I recently had the chance to speak at the wonderful Lean Agile Scotland conference. The conference had a very wide range of subjects being discussed on an amazingly high level: complexity theory, lean thinking, agile methods, and even technical practices!
I followed a great presentation by Steve Smith on how the popularity of feature branching strategies make Continuous Integration difficult to impossible. I couldn’t have asked for a better lead in for my own talk.
Which is about giving up and starting over. Kinda.
Why? Because, when you really get down to it, refactoring an old piece of junk, sorry, legacy code, is bloody difficult!
Sure, if you give me a few experienced XP guys, or ‘software craftsmen’, and let us at it, we’ll get it done. But I don’t usually have that luxury. And most organisations don’t.
When you have a team that is new to the agile development practices, like TDD, refactoring, clean code, etc. then learning that stuff in the context of a big ball of mud is really hard.

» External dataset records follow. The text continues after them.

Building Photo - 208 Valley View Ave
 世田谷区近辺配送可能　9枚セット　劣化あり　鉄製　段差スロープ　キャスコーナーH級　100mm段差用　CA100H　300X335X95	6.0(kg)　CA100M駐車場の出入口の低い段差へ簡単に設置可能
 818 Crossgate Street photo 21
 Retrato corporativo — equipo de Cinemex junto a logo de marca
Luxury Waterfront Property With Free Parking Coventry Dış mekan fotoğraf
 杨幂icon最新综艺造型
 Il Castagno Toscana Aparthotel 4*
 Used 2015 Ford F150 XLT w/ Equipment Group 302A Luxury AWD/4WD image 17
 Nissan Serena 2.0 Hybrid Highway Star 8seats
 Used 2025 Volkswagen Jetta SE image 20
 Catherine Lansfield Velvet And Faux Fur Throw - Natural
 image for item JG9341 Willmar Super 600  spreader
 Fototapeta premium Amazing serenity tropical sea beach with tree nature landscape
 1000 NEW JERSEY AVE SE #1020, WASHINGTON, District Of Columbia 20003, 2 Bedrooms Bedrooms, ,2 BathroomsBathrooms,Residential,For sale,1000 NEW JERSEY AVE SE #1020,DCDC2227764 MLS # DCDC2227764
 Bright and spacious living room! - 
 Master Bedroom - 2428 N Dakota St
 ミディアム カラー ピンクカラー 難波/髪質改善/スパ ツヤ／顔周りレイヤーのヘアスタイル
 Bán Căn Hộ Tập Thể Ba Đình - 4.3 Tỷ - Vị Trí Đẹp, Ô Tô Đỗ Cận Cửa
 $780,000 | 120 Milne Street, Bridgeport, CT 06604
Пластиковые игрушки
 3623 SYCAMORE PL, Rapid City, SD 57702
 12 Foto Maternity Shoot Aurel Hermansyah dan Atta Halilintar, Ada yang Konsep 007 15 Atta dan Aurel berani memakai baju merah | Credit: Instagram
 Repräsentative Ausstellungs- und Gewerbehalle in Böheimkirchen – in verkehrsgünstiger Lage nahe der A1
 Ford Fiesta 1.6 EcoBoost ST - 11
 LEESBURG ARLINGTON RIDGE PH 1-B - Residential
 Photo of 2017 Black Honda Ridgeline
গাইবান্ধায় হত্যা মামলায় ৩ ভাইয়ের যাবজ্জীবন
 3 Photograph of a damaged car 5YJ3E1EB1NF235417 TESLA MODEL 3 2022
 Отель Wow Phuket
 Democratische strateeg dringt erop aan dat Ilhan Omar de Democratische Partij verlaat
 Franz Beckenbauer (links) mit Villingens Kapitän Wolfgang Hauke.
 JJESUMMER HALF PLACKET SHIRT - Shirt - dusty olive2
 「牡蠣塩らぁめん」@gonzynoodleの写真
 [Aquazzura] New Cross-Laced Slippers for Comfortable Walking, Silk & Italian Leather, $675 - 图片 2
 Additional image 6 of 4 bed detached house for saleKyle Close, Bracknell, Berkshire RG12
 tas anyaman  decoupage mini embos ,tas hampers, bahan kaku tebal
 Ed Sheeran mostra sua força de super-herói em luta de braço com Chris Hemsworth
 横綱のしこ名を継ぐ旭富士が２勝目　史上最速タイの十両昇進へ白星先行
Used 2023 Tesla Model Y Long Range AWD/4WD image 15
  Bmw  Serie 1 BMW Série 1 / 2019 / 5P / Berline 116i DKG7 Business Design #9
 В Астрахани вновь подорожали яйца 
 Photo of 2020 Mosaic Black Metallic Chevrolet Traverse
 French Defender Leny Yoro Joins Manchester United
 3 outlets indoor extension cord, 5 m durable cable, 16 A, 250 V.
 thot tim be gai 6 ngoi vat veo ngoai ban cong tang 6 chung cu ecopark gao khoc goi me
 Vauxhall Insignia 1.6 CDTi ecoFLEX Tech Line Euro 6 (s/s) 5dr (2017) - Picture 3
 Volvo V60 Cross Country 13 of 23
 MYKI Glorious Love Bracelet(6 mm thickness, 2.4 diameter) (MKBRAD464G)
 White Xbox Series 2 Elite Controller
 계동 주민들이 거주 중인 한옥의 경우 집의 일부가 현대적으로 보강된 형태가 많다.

You see, when people start to learn about something like TDD, they do some exercises, read a book, maybe even get a training. They’ll see this kind of code:
Example code from Kent Beck’s book: “Test Drive Development: By Example”;
Then they get back to work, and are on their own again, and they’re confronted with something like this:
Code Sample from my post “Code Cleaning: A refactoring example in 50 easy steps”;
And then, when they say that TDD doesn’t work, or that agile won’t work in their ‘real world’ situation we say they didn’t try hard enough. In these circumstances it is very hard to succeed.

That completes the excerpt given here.